The main idea of Clash of Clans is simple. You build a virtual village, with defenses, resource collectors, and other things. The reason you need defenses is that other people can train an army to attack your base. Of course, you can do the same, if you want to. It is not necessary, although it has bonuses, as when you loot a base you get resources. Why do you need resources? To train your army, build new buildings, and upgrade existing buildings. All this might sound a little boring, but I can assure you it’s all fun and addicting. And what better way to have fun with your friends than to play Clash of Clans with them? That’s when the “clan” part of Clash of Clans comes in.

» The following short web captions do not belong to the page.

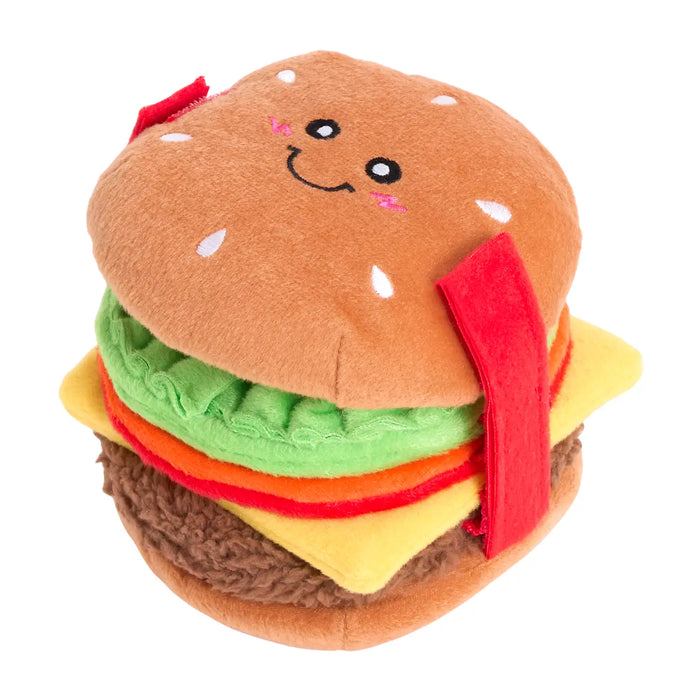 Plush toy shaped like a hamburger with a smiling face on a white background
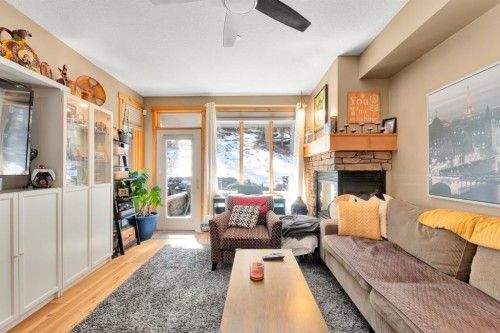 612-107 Armstrong Place, Canmore, AB - Indoor Photo Showing Living Room With Fireplace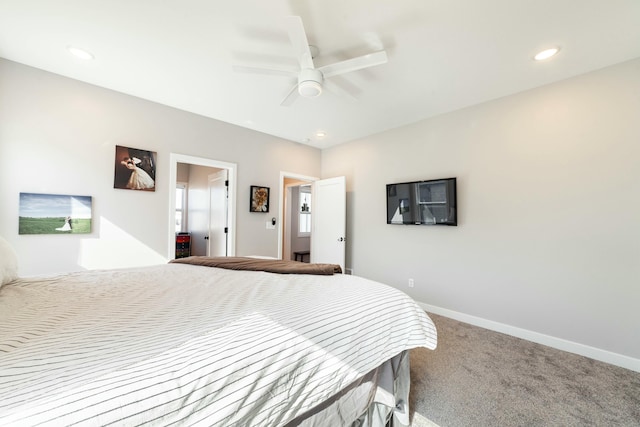 carpeted bedroom featuring ceiling fan, baseboards, and recessed lighting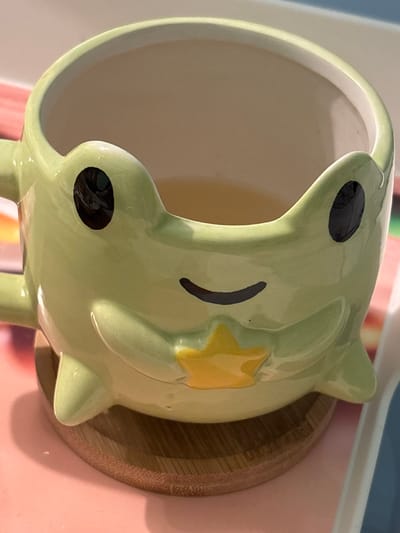 A light green ceramic mug, designed to resemble a frog with black eyes, a black smile, and a yellow five-pointed star on its chest, holds a translucent light amber liquid. The mug rests on a circular wooden coaster with visible concentric grain patterns. Both the mug and coaster are positioned on a smooth pink surface. To the right, a portion of a white object with a blue edge is visible. The background exhibits indistinct, soft-focus colored areas, including hues of pink, green, and blue. The scene is located in Voluyak, Bulgaria.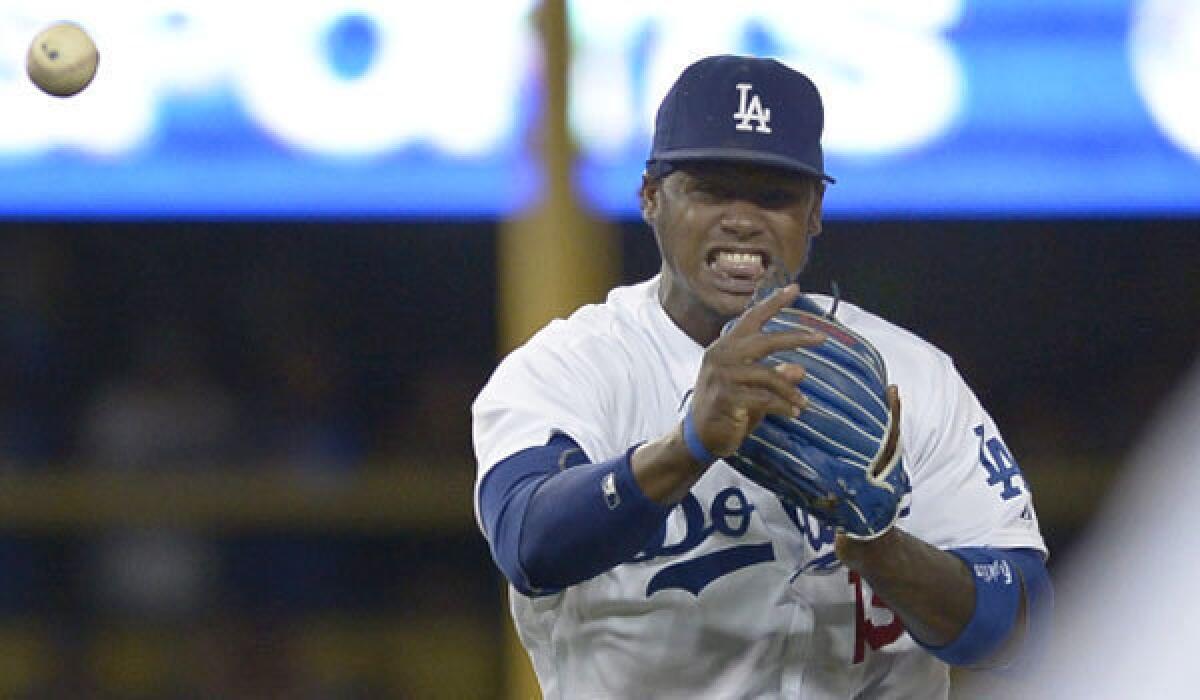 Dodgers shortstop Hanley Ramirez grimaces as he throws to first base on Thursday.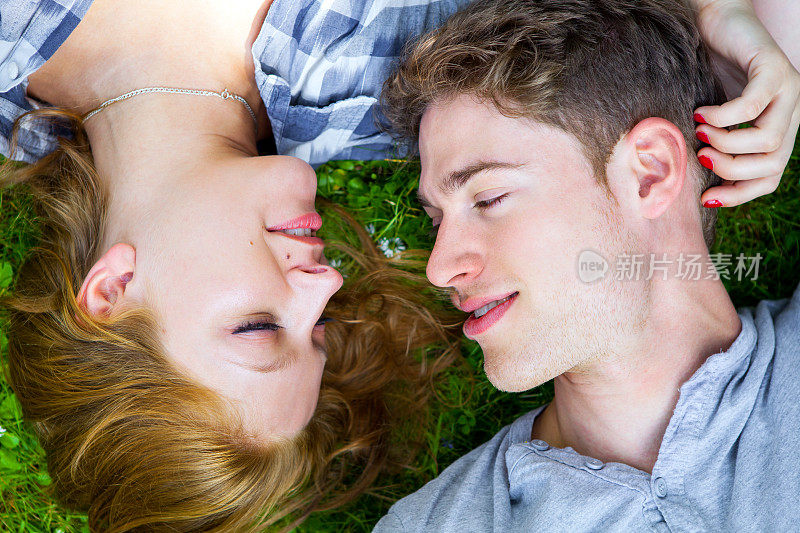一对美丽的年轻夫妇躺在草地上看着对方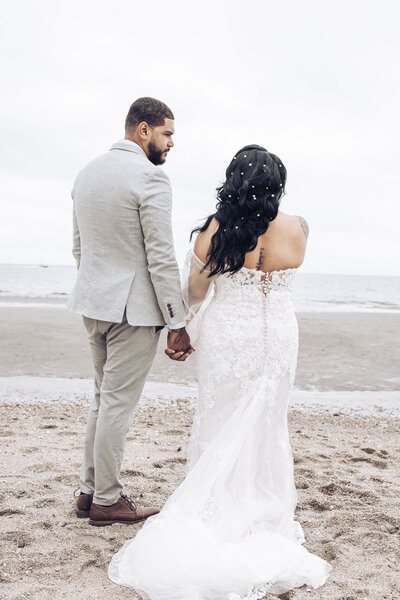bride and groom holding hands on the beach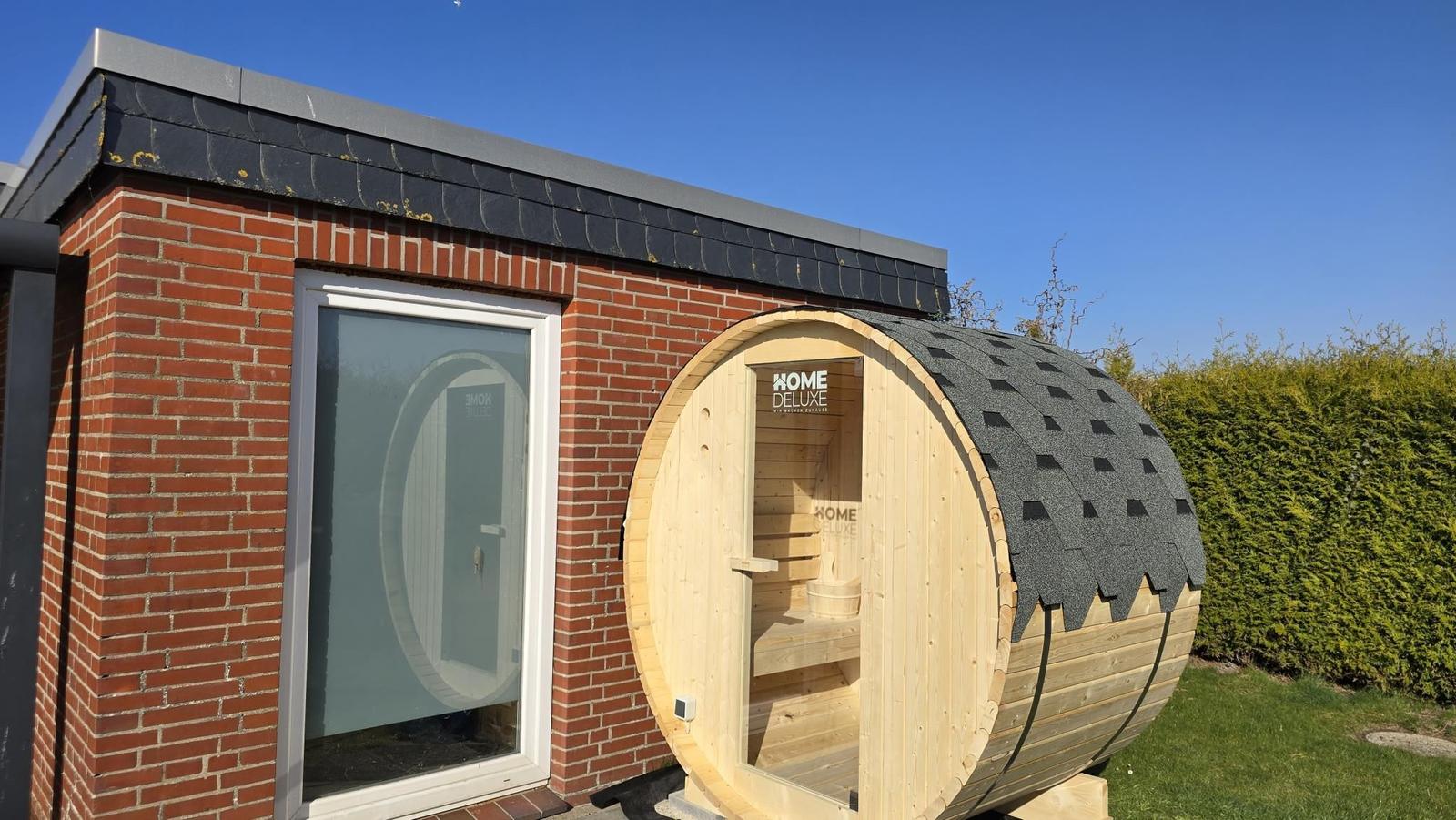 Holzsauna mit Dach und Sitzbänken an einer Backsteinmauer.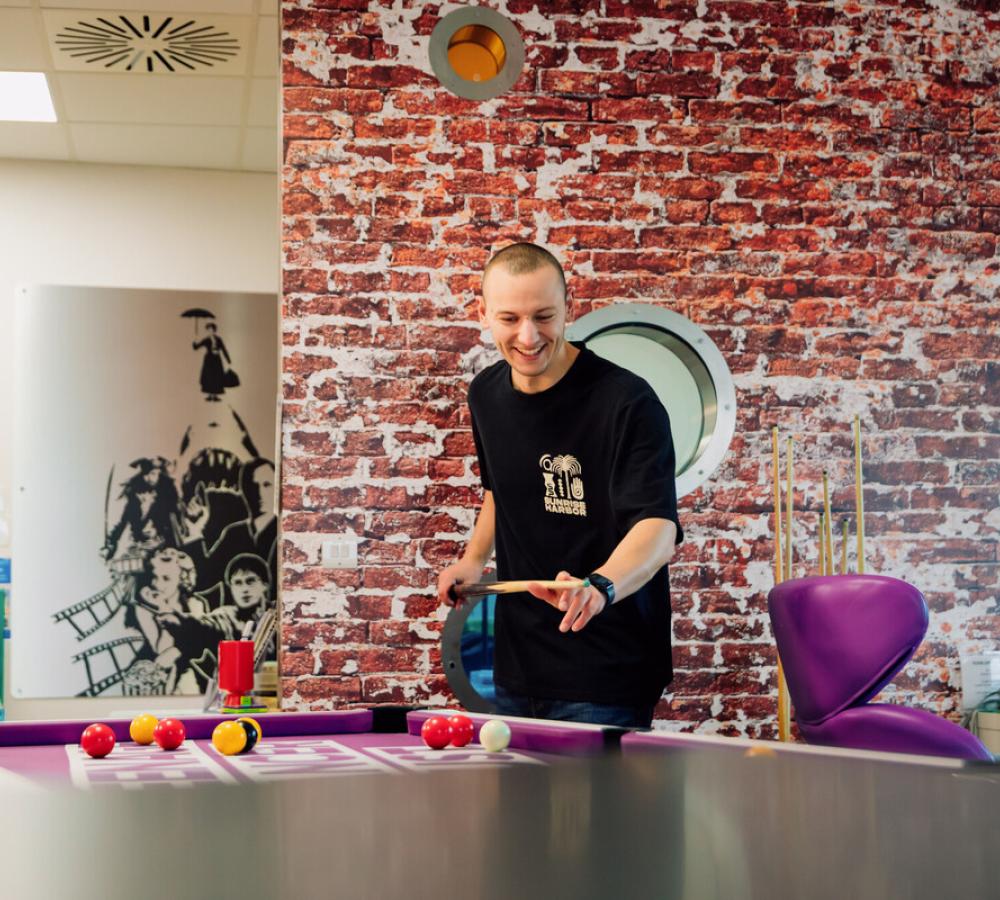 Young person playing pool on brightly coloured Teenage Cancer Trust unit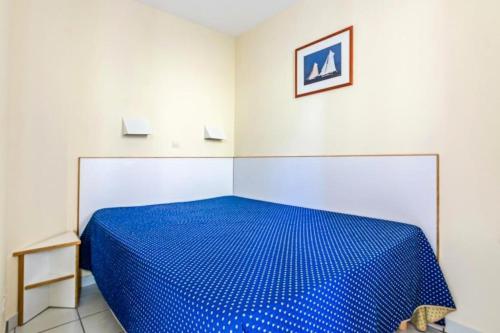 - une chambre avec un lit bleu dans l'établissement Résidence le Hameau de Cap Esterel - maeva Home - Appartement 2 Pièces 5 Personnes - Sélection MAE-9687, à Saint-Raphaël
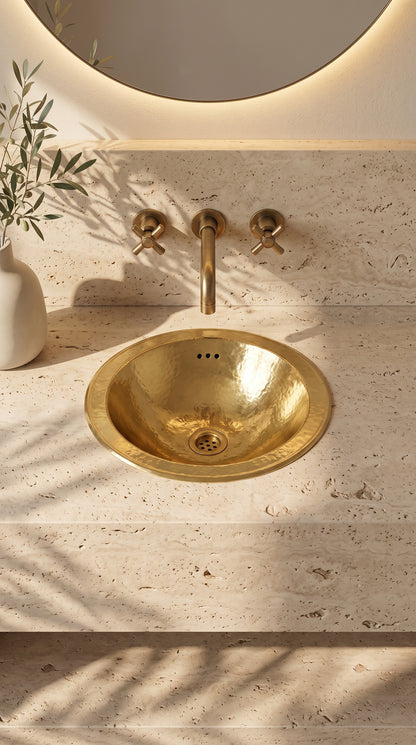 Round hammered brass sink in a travertine vanity beneath a wall-mounted brass faucet and round backlit mirror.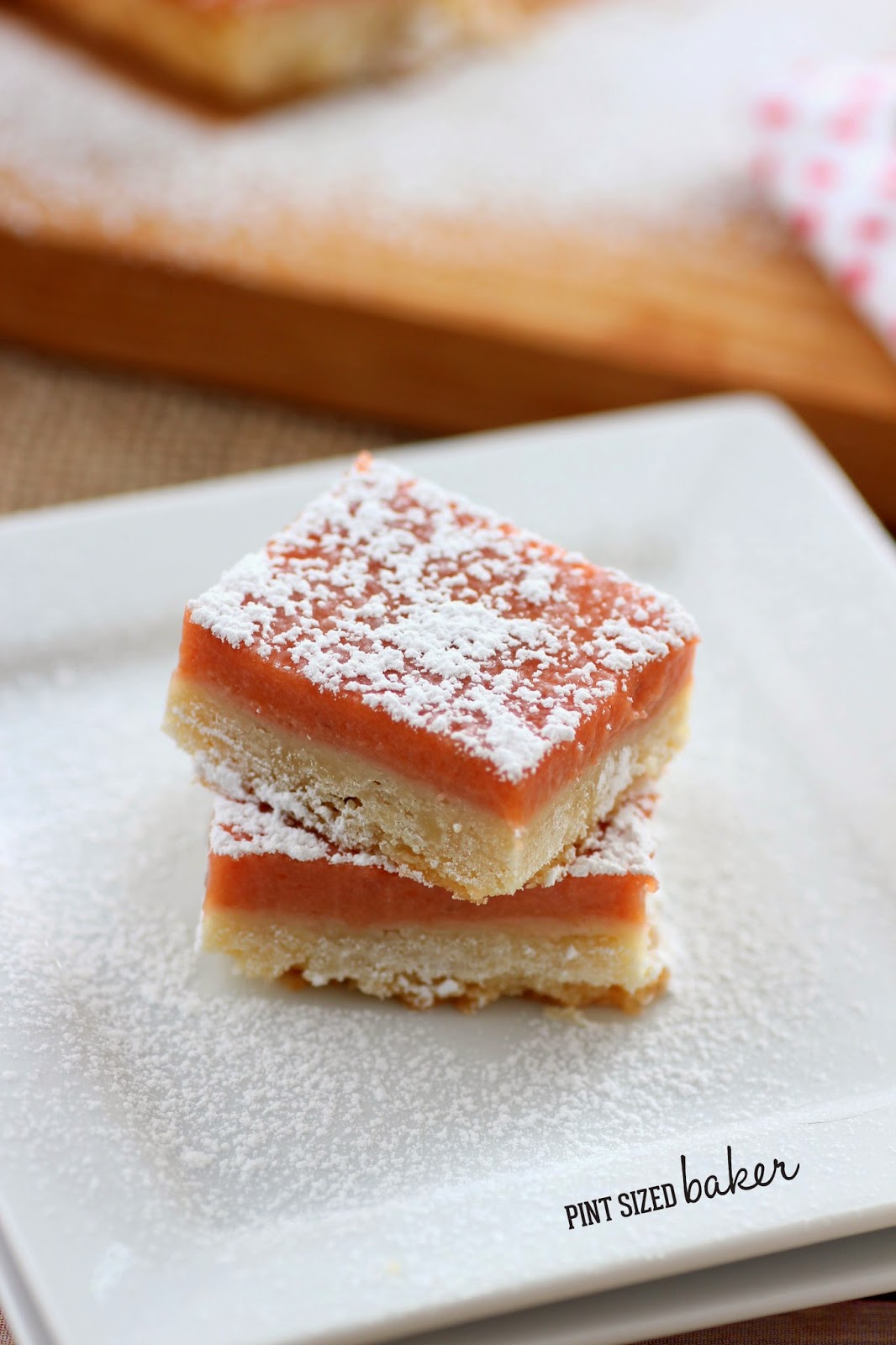 These easy Strawberry Shortbread Bars start off with a homemade strawberry rhubarb curd and end with a YUM! They are a great spring time treat!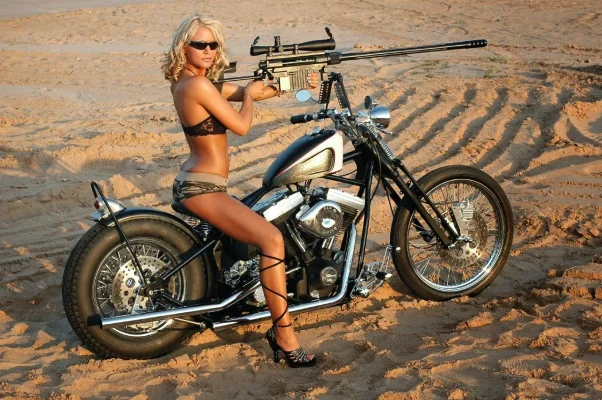 girl-with-gun-50cal-chopper.webp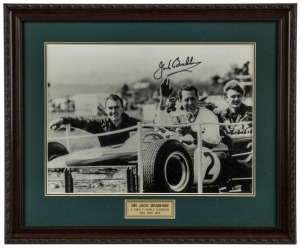 JACK BRABHAM (1926 - 2014), the three-times Formula One World Champion, signature on large format photograph of Brabham holding his winner's cup; attractively framed & glazed, overall 46 x 55.5cm. With CofA affixed verso.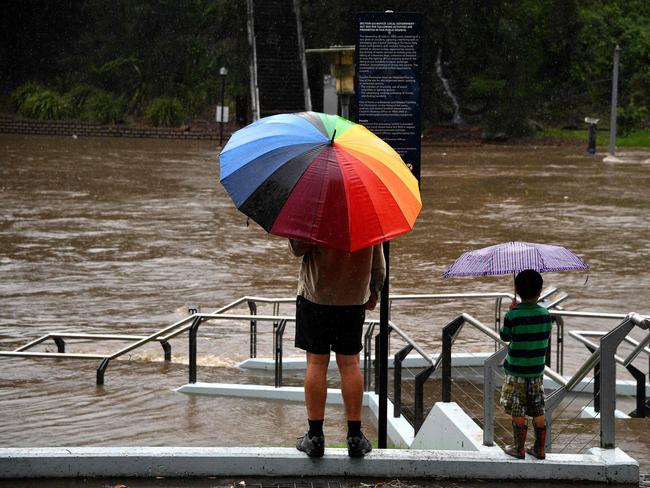 A family visit Ferry Wharf to watch the over flowing Parramatta river during heavy rain in Sydney on March 20, 2021, amid mass evacuations being ordered in low-lying areas along Australia's east coast as torrential rains caused potentially "life-threatening" floods across a region already soaked by an unusually wet summer. (Photo by Saeed KHAN / AFP)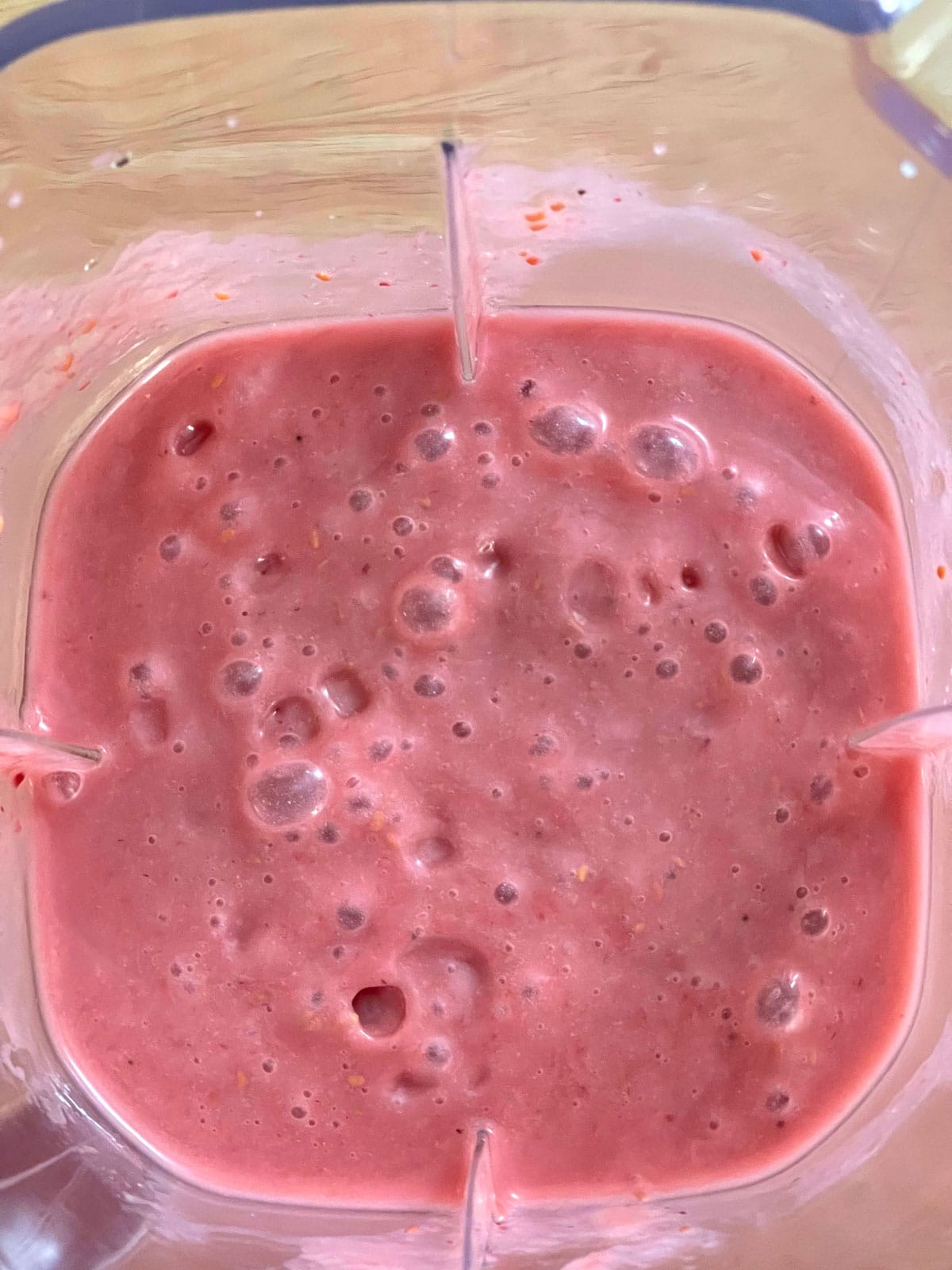 making raspberry banana smoothie in blender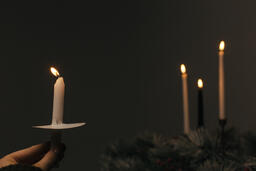 Hand Holding a Candle for a Christmas Candlelight Service  image 4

A clan is a group of players. These players can donate troops to each other, battle together, and chat. There are different “ranks” in the clans, and the players with higher ranks can send mail to other clan-mates, and promote other players. The top rank is “leader” which, as you can tell, is the leader of the clan. The leader alone can change the clan settings, such as the symbol of the clan, the description, and their war frequency. That “war” I just mentioned? It’s called a clan war. Two clans go against each other, attacking the opposite clan’s war villages, which are the villages used in clan wars. Supercell, the maker of Clash of Clans, obviously wanted Clash of Clans to be a huge multiplayer hit, and added lots of bonuses to joining a clan.
Clash of Clans is a really popular game. It has spawned some copycats that have some interesting features I think could really fit in with Clash of Clans, but when it comes to these games, the original is always the best.